• TASK TO COMPLETE
With the pictures excluded, repeat every entry exactly.
——
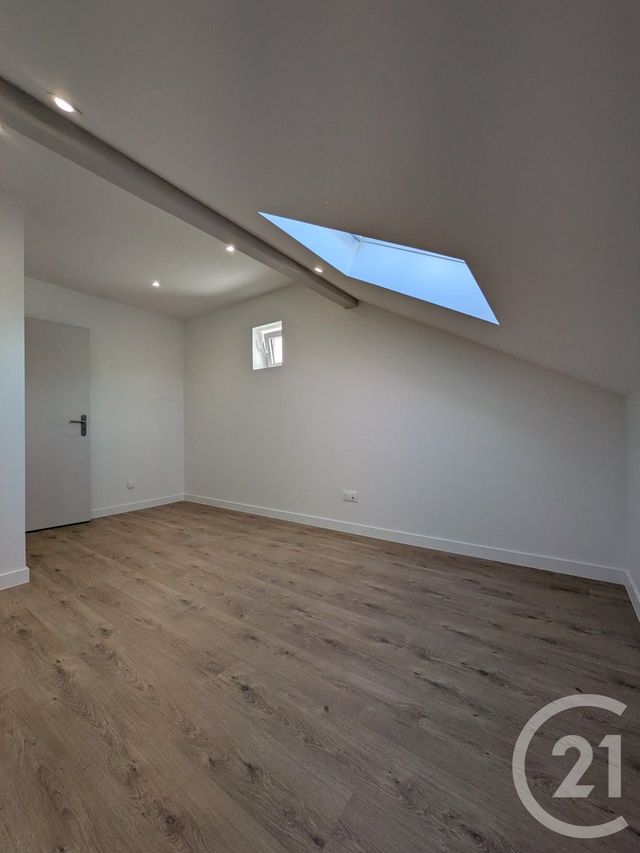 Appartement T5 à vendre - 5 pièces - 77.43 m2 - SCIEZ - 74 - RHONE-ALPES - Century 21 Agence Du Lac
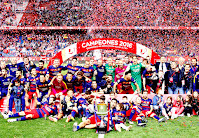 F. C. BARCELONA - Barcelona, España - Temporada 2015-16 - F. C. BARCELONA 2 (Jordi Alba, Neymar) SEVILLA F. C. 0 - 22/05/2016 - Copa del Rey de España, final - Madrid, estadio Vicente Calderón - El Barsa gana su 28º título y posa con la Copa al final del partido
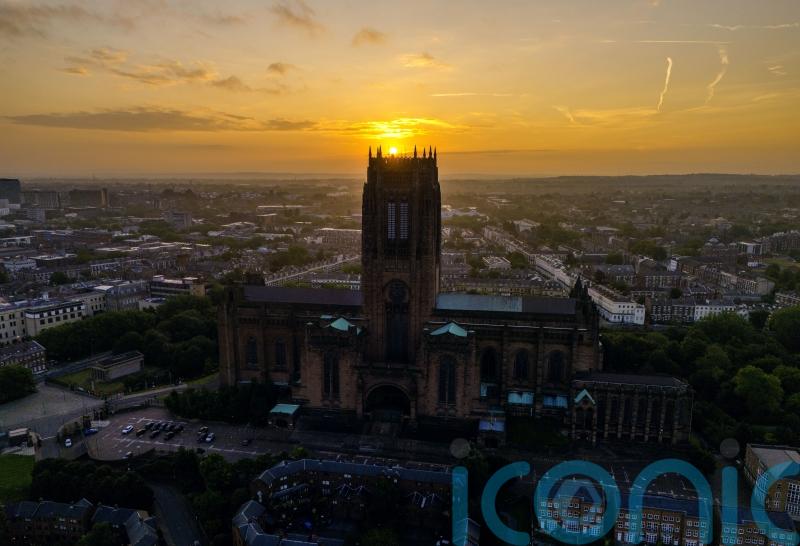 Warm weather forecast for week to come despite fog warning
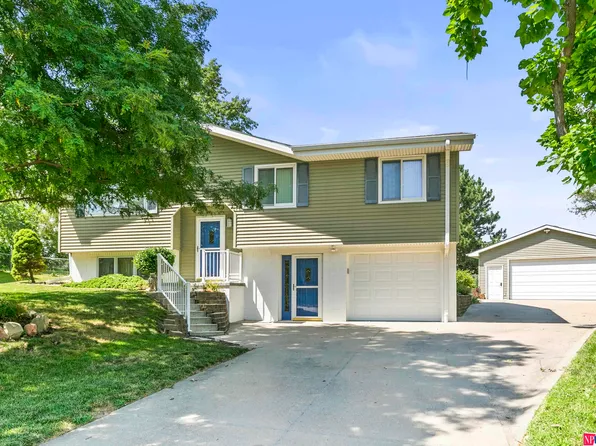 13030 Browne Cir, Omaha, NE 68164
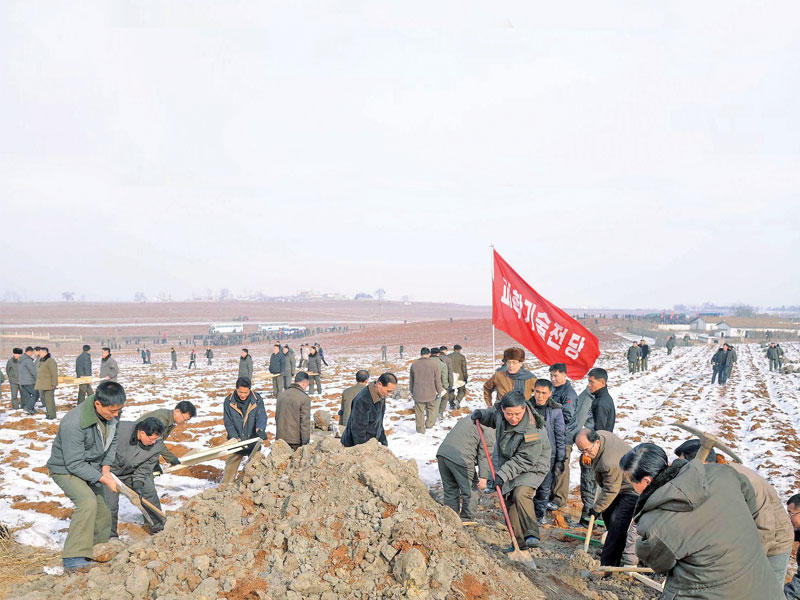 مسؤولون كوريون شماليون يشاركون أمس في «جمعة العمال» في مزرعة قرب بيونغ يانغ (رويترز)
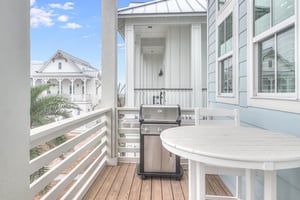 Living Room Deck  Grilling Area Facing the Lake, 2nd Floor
——
• RESULT OF THIS EXERCISE
 Appartement T5 à vendre - 5 pièces - 77.43 m2 - SCIEZ - 74 - RHONE-ALPES - Century 21 Agence Du Lac
 F. C. BARCELONA - Barcelona, España - Temporada 2015-16 - F. C. BARCELONA 2 (Jordi Alba, Neymar) SEVILLA F. C. 0 - 22/05/2016 - Copa del Rey de España, final - Madrid, estadio Vicente Calderón - El Barsa gana su 28º título y posa con la Copa al final del partido
 Warm weather forecast for week to come despite fog warning
 13030 Browne Cir, Omaha, NE 68164
 مسؤولون كوريون شماليون يشاركون أمس في «جمعة العمال» في مزرعة قرب بيونغ يانغ (رويترز)
 Living Room Deck  Grilling Area Facing the Lake, 2nd Floor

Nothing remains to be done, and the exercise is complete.